During his university days, John edited the law students magazine “Summons”, represented the University at Intervarsity hockey and worked as fruit picker, aircraft cleaner, labourer in the Victorian Railways goods yards, waiter, shop assistant and part time English teacher at Essendon High School.
He has been a member of the Victorian Bar since 1966, signing the Bar Roll that year in June, and reading with Kevin Coleman (later a County Court judge). John was also a part-time teaching fellow in family law and criminal law at Monash University during the late 1960s.
During John’s years at the Bar, he was a member of the Victorian Bar News editorial committee ((1975-1982 and 1986-1990). Additionally, he wrote and directed a number of Bar reviews between 1971 - 1975. He was part of the first Western legal delegation to visit China in 1976.

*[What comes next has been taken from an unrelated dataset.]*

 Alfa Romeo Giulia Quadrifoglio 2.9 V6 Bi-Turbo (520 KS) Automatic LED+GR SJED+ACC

In 1982, John left Victoria with his family to work in the Northern Territory, as director of Legal Services at the Central Land Council. Together with a number of other lawyers (including Ron Castan QC and Ross Howie (now Judge Howie of the County Court), Mark Hird, Phillip Toyne (later Director of the Australian Conservation Foundation) and Mr Bruce Donald (subsequently the Chief Legal Adviser to the Australian Broadcasting Commission), John was involved in negotiating the grant of aboriginal title to Uluru.

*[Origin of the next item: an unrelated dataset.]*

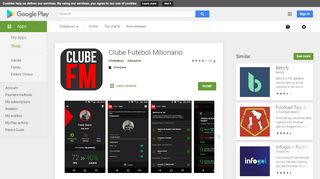 
                            10. Clube Futebol Milionario – Apps no Google Play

Two years later (1984), John took silk, and became Victorian Director of Public Prosecutions (DPP). In that capacity he chaired the Consultative Committee on Police Powers of Investigation (1985-1990) which gave rise to major reforms of the criminal law.

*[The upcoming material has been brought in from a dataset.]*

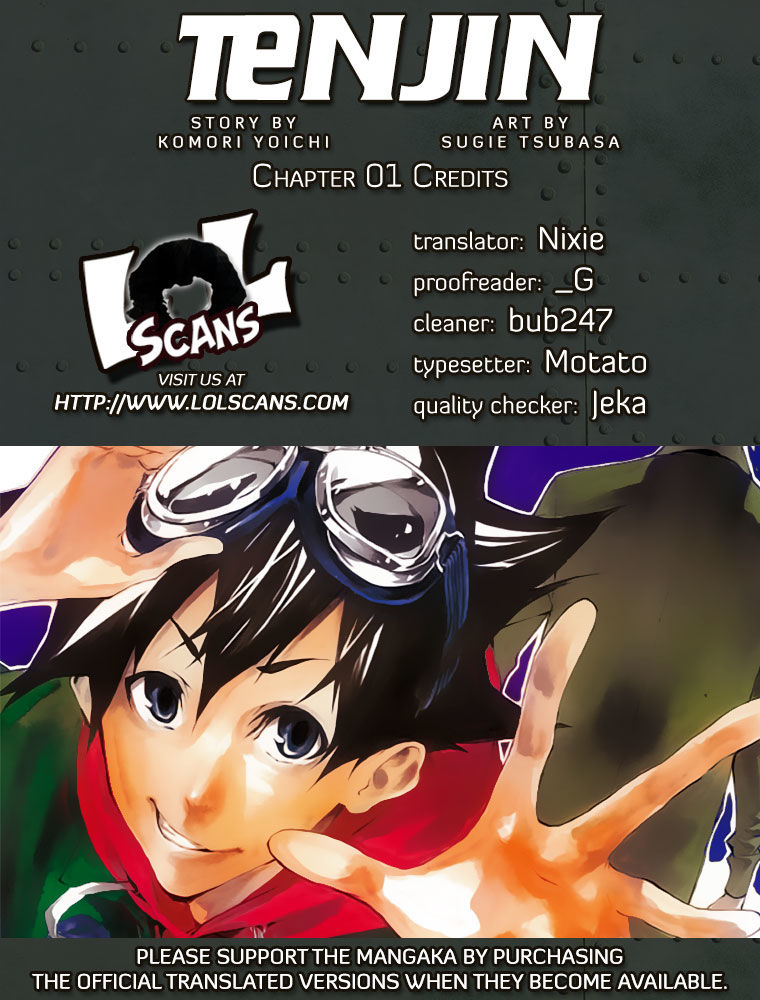 Tenjin Chapter 1 page 6 - Chapter 1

He was made a judge of the Victorian Supreme Court in1991 and retired from the Supreme Court in April 2008.
Since 2005 until the present, John has been a member of the Board of Directors of the International Society for Reform of Criminal Law. At the conference of the Society in Montreal, Canada in 2004 (a conference involving 38 nations), John received the Gold Medal of the Society awarded in recognition of a major contribution towards criminal law reform.
He has been married since 1966 to Karin, with two daughters, Anita and Vanessa. His hobbies were originally hockey and yachting, but have reduced to writing and travel; clubs Melbourne Cricket, Olive, and Melbourne University Hockey.